Au lendemain du génocide juif, on avait d’abord cru pouvoir rattacher la pratique génocidaire dont on découvrait l’étendue et le haut degré d’organisation à l’esprit et à la nature du régime hitlérien, perçu et analysé comme un parangon de tout système totalitaire. Pour Hannah Arendt comme pour Eric Voegelin, l’univers concentrationnaire cristallisait l’essence du régime totalitaire pour une raison fondamentale : il représentait la part de pouvoir politique, policier et juridique donné à la pègre dans l’État. Ce que les droit commun exerçaient de terreur sur leurs victimes à l’abri des barbelés du camp et de l’uniforme SS ou SA, la populace ralliée par les nazis l’instaurait dans le reste de la société. Voegelin avait donné un nom à « l’alliance provisoire de la populace et des élites » thématisée avant lui par Arendt (the Origins of Totalitarianism, III, 10, 2) : « l’encanaillement des élites », dit-il dans Hitler et les Allemands (p. 85). Il s’agissait, certes, de comprendre l’origine de la terreur et sa matérialisation dans l’univers des camps et ses déchaînements de cruauté (avant même les camps de la mort) ; mais il y allait aussi d’une idée plus ancienne de la pensée politique, remontant au moins à la crise révolutionnaire de 1848 et à son dénouement français, le « dix-huit brumaire de Louis Bonaparte » décrit par Marx comme un putsch organisé par la plèbe des déclassés et le sous-prolétariat des « gueux » contre le reste de la société. « Crapulinski » : ainsi Marx, en 1852, citant Heine, surnomme-t-il Napoléon III. « Le règne des lémures », dira de son côté Ernst Jünger, qui les connaissait pour les avoir aussi un peu fréquentés.
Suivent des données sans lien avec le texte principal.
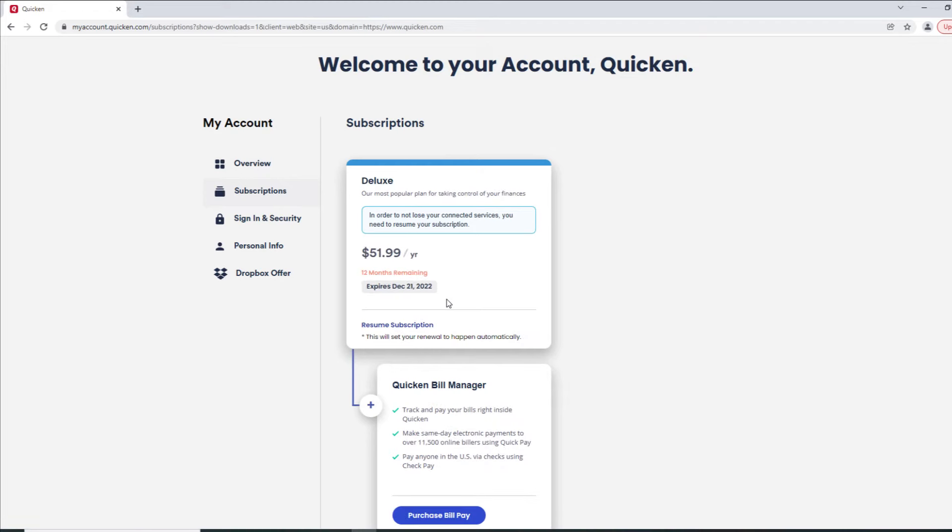Here you'll be able to view how many months are left in your subscription, when it expires, your yearly rate, and also details about your Quicken Bill Manager service.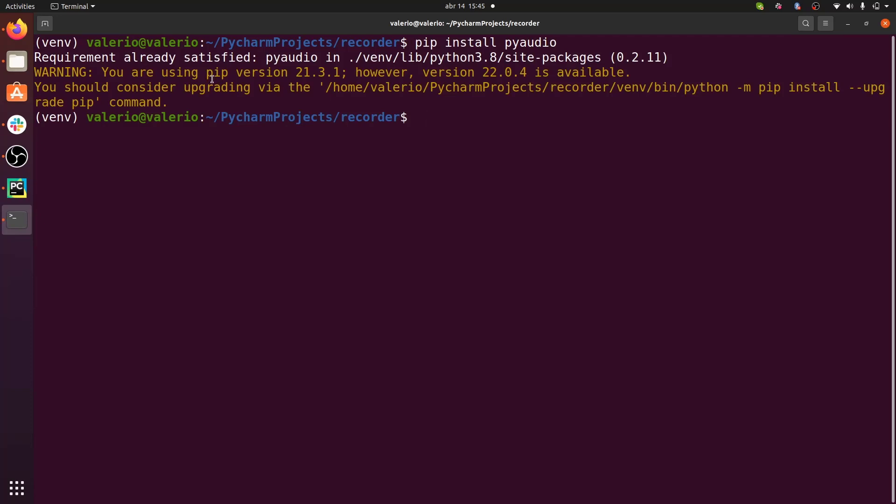I showed you how you can install PortAudio and PyAudio in Ubuntu, but of course, if you have other operating systems, just go check out the documentation. With PyAudio and PortAudio installed, it's now time to take a look at the class design of the recorder that we want to build.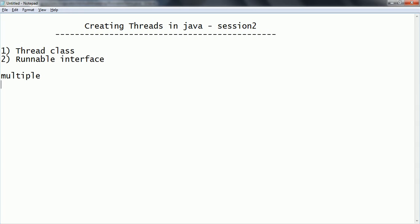Hope you are clear with the concepts of how to create a thread using the Thread class and the Runnable interface, what happens if you invoke thread.run() instead of thread.start(), and what happens if you try to start a thread that is already started. If you have any questions, please comment on the YouTube video and please subscribe to my YouTube channel to get more technical videos.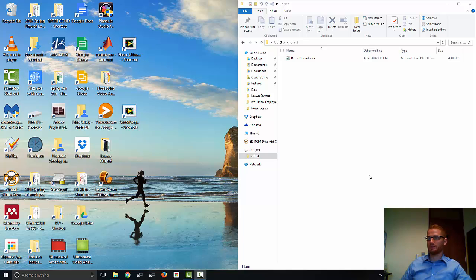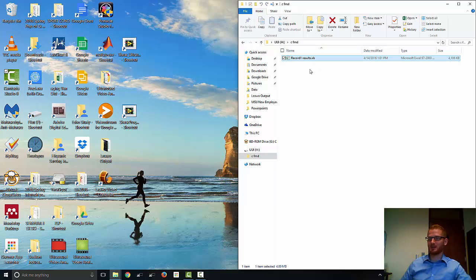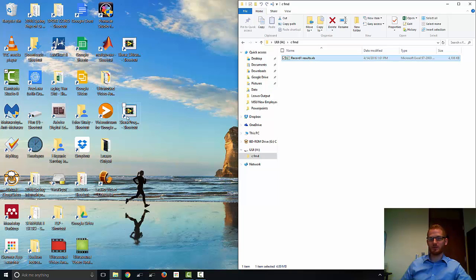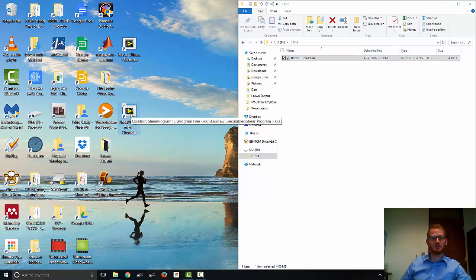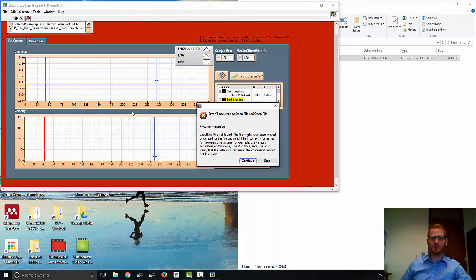Okay, so now what we need to do is take the notepad document, which is showing up as an Excel document because I'm associated with Excel. We need to put it through this program here, which is going to analyze it and get actual FMD values out of it. So we'll go ahead and open this. Unlike the other program, it does not need to be run as an administrator.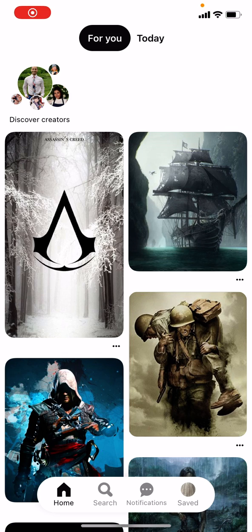Hello guys, my name is Mathieu and in today's video I'm going to show you how you can use visual search on Pinterest.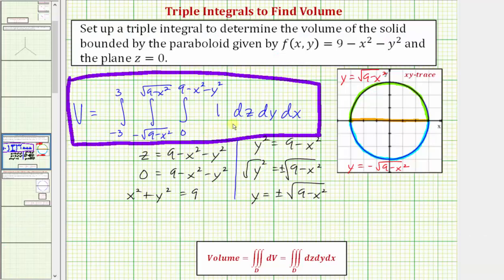So in this video, we just set up the triple integral in rectangular coordinates. We'll actually evaluate this using cylindrical coordinates in a future video. I hope you found this helpful.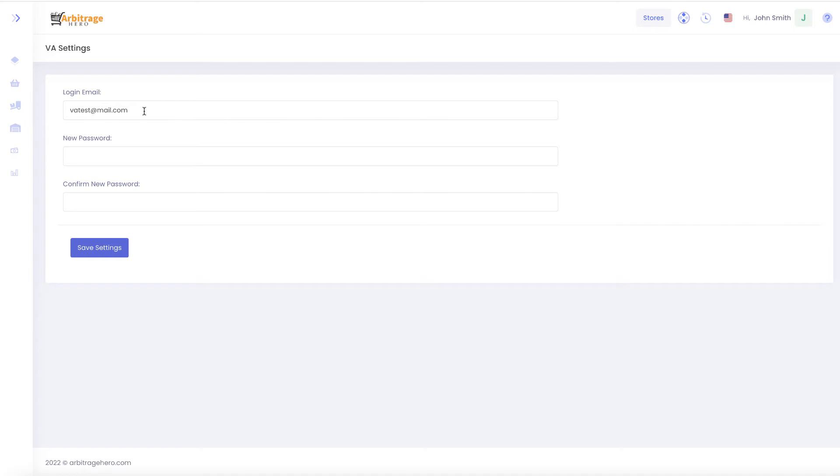At the moment they will not be able to reset the password so you will have to provide them with the password which you think is strong enough to access the system.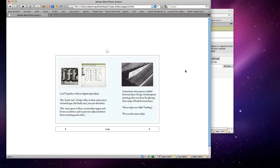Here are some photographs of real movable type — real lead type. Here's a piece, this M. The point size of the type refers to this entire piece of lead, because the lower case and upper case has to fit within this entire piece of lead. It's the body size of the type.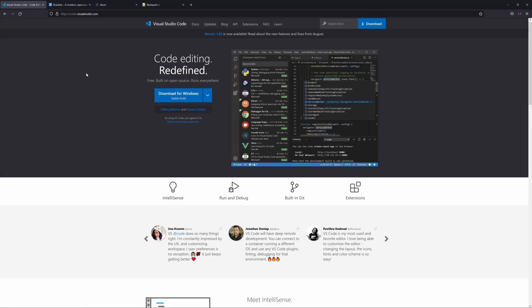Hello everyone! In this channel, I will start an HTML and CSS Beginner Tutorial Series. You will see HTML and CSS in this video, where we will cover a new theory of HTML and CSS.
Ou encore, à propos des mêmes, Alan Bullock : « L'aristocratie des égouts. »

Marx inaugure ainsi dans le récit historique et politique la sociologie du swell mob qui, un siècle plus tard, trouvera son couronnement dans l’œuvre magistrale d’un rescapé du Goulag, Varlam Chalamov, écrivant ses Essais sur le monde du crime et les Récits de la Kolyma pour cerner la nature du pouvoir absolu de la bureaucratie concentrationnaire soviétique. C’est Chalamov qui, le premier, et de l’intérieur, aura le mieux saisi la relation de la terreur, système collectif et officiel d’extermination, et de la cruauté compulsive, signature anthropologique de la classe des déclassés, qu’il appelle d’ailleurs  un « ordre » : « Le poison de la pègre est effroyable. Il corrompt tout ce qu’il y a d’humain dans l’homme. Et tous ceux qui côtoient cet univers respirent ce souffle pestilentiel » – « Les autorités tiennent compte des truands. Ils sont les maîtres de la vie et de la mort dans les camps » –  « Toute la psychologie de la pègre repose sur une observation ancienne, séculaire, des truands : jamais leurs victimes ne commettront – ne peuvent même songer à commettre – les actes qu’ils se font, eux, un plaisir de perpétrer, le cœur léger et l’âme tranquille, chaque jour, à chaque instant. » Enrichissons cet idéaltype (certainement inspiré à Chalamov par Dostoïevski) : donnez au Scarface de Brian de Palma un uniforme à porter, une foule à commander, un mandat de police ou un badge de milice à exhiber – et vous obtenez ce dont parlent Voegelin et Chalamov, la cruauté la plus indifférente et la férocité la plus insatiable érigées en pouvoir légal. Et ce pouvoir légal exercé non par un milieu, mais par un ordre. Jouons sur le mot : le pouvoir du milieu mais le milieu transformé en un ordre, la marge transformée en centre (comme il y eut le tiers état, ou les parias, ou les mandarins). Chalamov aura ainsi confirmé les intuitions profondes et prémonitoires de David Rousset.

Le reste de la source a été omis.